Opinión: OPIN-01

Corrupción, enfermedad crónica de la Argentina


El informe brindado por Transparencia Internacional vuelve a colocar a la Argentina como uno de los países con más altos índices de corrupción. Respecto del último informe, nuestro país retrocedió algunos puntos, por lo que se infiere que la situación tiende a agravarse. Conviene aclarar, de todos modos, que el período analizado por Transparencia abarca el último tramo del gobierno de De la Rúa y el año y medio de gestión de Duhalde.

La administración de Kirchner no está comprometida por esta reseña, de modo que habrá que esperar el próximo informe para saber si esta nueva gestión logra revertir una tendencia que deja al desnudo nuestras debilidades y vicios públicos y privados.

Desde hace años se discute en la Argentina sobre las causas y los alcances de la corrupción y las alternativas factibles de ponerle límite. El tema ha ocupado a cientistas sociales, políticos, periodistas, funcionarios y ciudadanos en general. En todos los casos, se ha considerado a la corrupción como un factor negativo cuyos efectos erosionan a las instituciones y a la propia convivencia social.

Sin embargo, a pesar de tantos estudios, seminarios, mesas redondas, libros publicados y denuncias presentadas ante la Justicia y la opinión pública, los resultados siguen siendo negativos, al punto de que hay derecho a suponer que cuanto más se habla de la corrupción más corruptas parecen ser las relaciones sociales y más corrupción parece anidar en los centros del poder.

Aclaramos en el inicio de esta columna que el informe de Transparencia no incluye al actual gobierno, una de cuyas banderas es precisamente la moralización de la gestión pública. Ya habrá tiempo para evaluar los resultados, pero es evidente que si la corrupción es un mal estructural, es muy difícil que un gobierno lo pueda resolver en pocos meses. En todo caso, lo que se pueden apreciar son las tendencias. En este sentido, para los argentinos sería una excelente noticia que en la próxima publicación del organismo internacional se reduzca en algunos escalones la pésima ubicación que nos descalifica frente al mundo.

El informe de Transparencia permite apreciar algunas características distintivas de cómo funcionan estos procesos de corrupción. En principio, pareciera que los países más ricos y con mayores niveles de integración social son menos corruptos que los países pobres y marcados por profundas desigualdades sociales. Se constata así la hipótesis política que postula que si bien las conductas corruptas pueden aflorar en cualquier sociedad o sistema, lo que diferencia a un país de otro son los mayores grados de impunidad.

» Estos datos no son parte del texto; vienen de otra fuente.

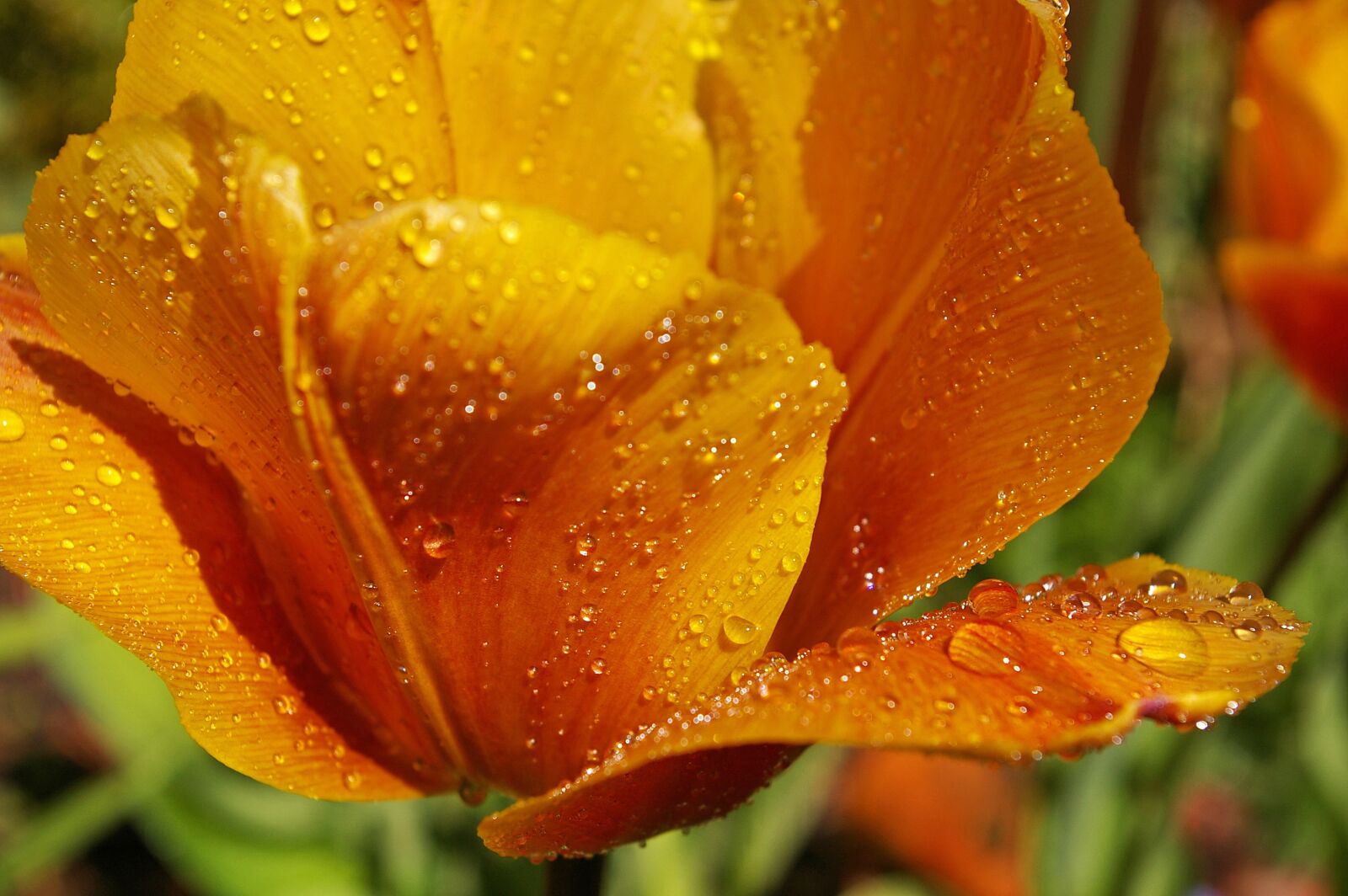 Pentax *ist DL2 sample photo. Yellow tumor, orange tulip photography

Tampoco es casual que sociedades más educadas, más prósperas y con mayores expectativas de vida sean menos corruptas que sociedades con altos niveles de analfabetismo y pobreza. Al respecto, hay abierto un debate acerca de las causas del desarrollo. Por un lado están los que sostienen que el desarrollo es producto de ciertas condiciones económicas adquiridas o heredadas, mientras que por el otro lado se afirma que es consecuencia de una sociedad capacitada culturalmente para crearlo y entre esas "habilidades" culturales estaría presente una moral media resistente a la corrupción y atenida a los mandatos de la ley.

Más allá de evaluaciones más o menos elaboradas, lo cierto es que en la Argentina la corrupción siempre ha operado como un factor negativo. En países como Estados Unidos o Japón, por ejemplo, la corrupción también es alta, pero por motivos singulares estas desviaciones no afectan sustancialmente el funcionamiento medio del sistema, como ocurre en la Argentina.

Recordemos que los principales golpes de Estado en nuestro país se realizaron invocando, entre otras cosas, la inmoralidad administrativa. Así fue en 1930 y 1943, y también en 1955, 1962 y 1976. Lo curioso del caso argentino es que mientras por un lado la sociedad en ciertos momentos parece ser muy severa con las prácticas corruptas, en otras circunstancias su tolerancia llega a confundirse con el cinismo.

Más allá de evaluaciones y conclusiones teóricas, queda claro que la corrupción en la Argentina es un problema de todos. Políticos, empresarios, dirigentes sindicales, fuerzas de seguridad y más de un dirigente piquetero están comprometidos de una u otra manera con estas prácticas. Es también evidente que este flagelo funciona y se reproduce porque existe una sociedad que en términos generales, y más allá de sus condenas discursivas y sus fintas retóricas, suele ser complaciente con esta enfermedad de nefastas consecuencias en todos los órdenes.